Supplied data ::
++++++++++
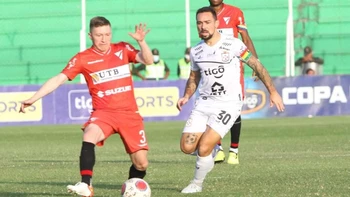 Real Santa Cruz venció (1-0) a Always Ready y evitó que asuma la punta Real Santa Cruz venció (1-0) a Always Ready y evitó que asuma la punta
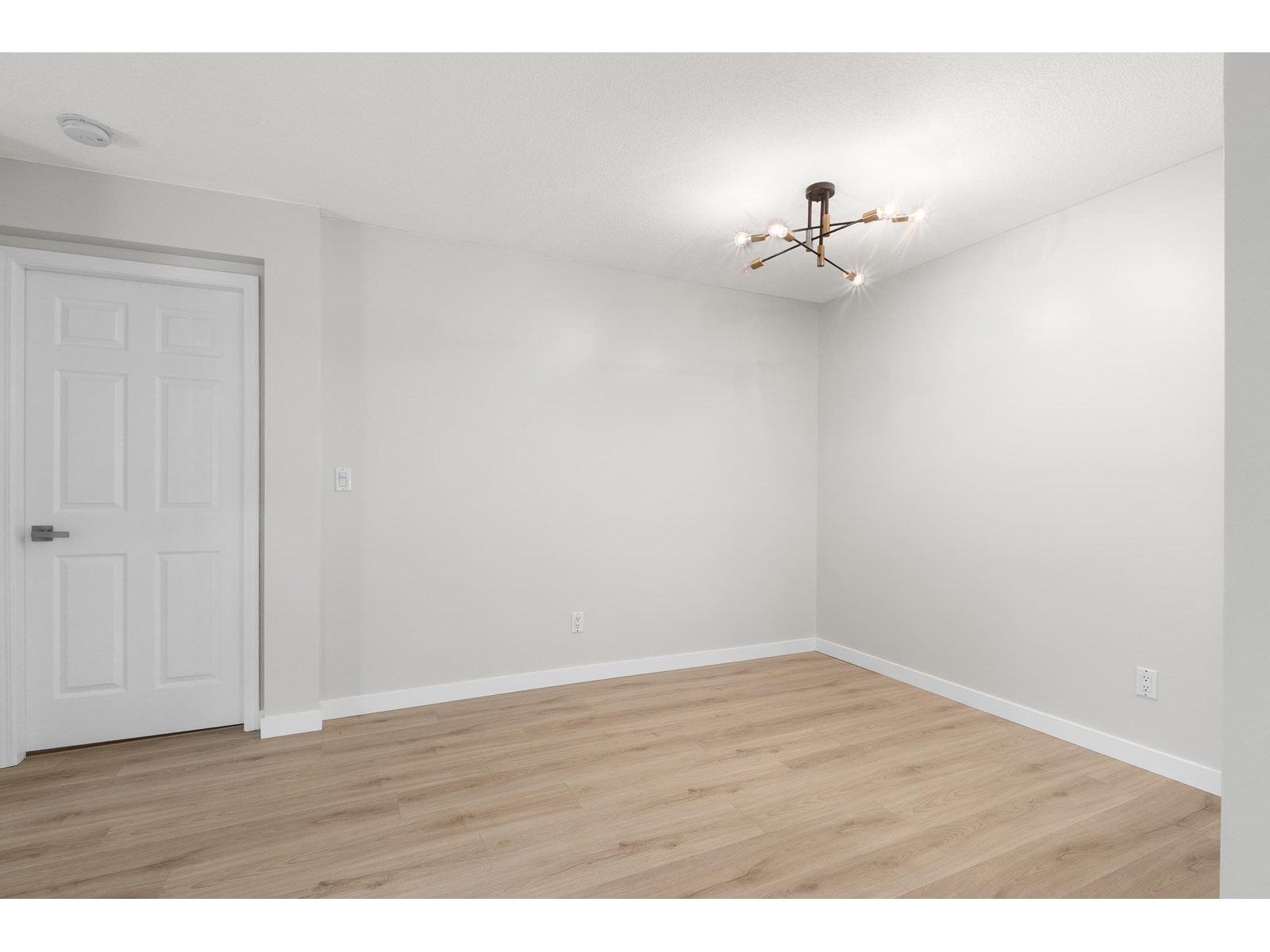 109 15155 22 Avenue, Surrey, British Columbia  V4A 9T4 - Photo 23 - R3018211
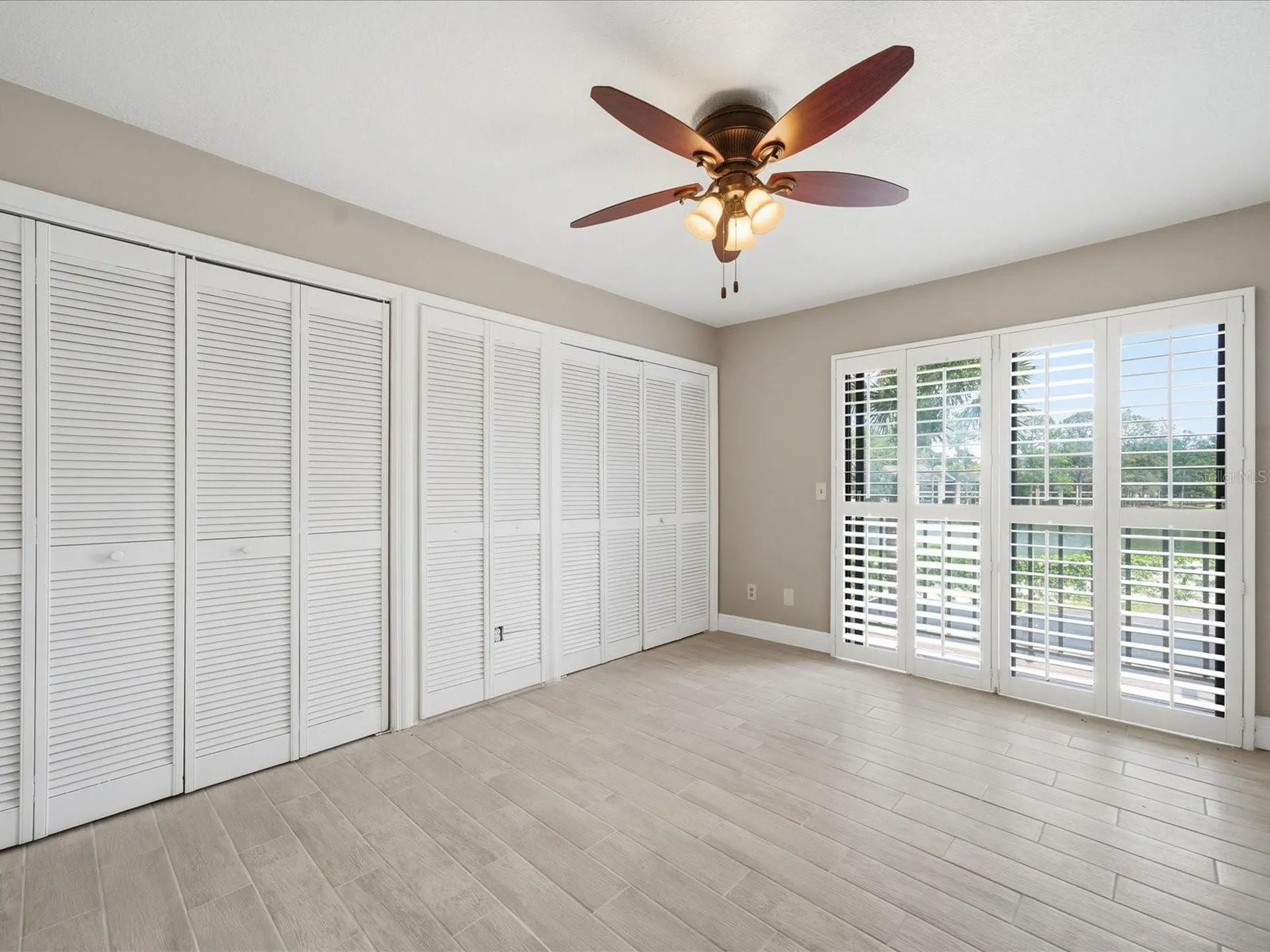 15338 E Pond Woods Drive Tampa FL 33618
++++++++++
To do ::
Leave out all pictures and extract exactly the lines from the line with "109 15155 22" through the end of the material.

Exercise result ::
 109 15155 22 Avenue, Surrey, British Columbia  V4A 9T4 - Photo 23 - R3018211
 15338 E Pond Woods Drive Tampa FL 33618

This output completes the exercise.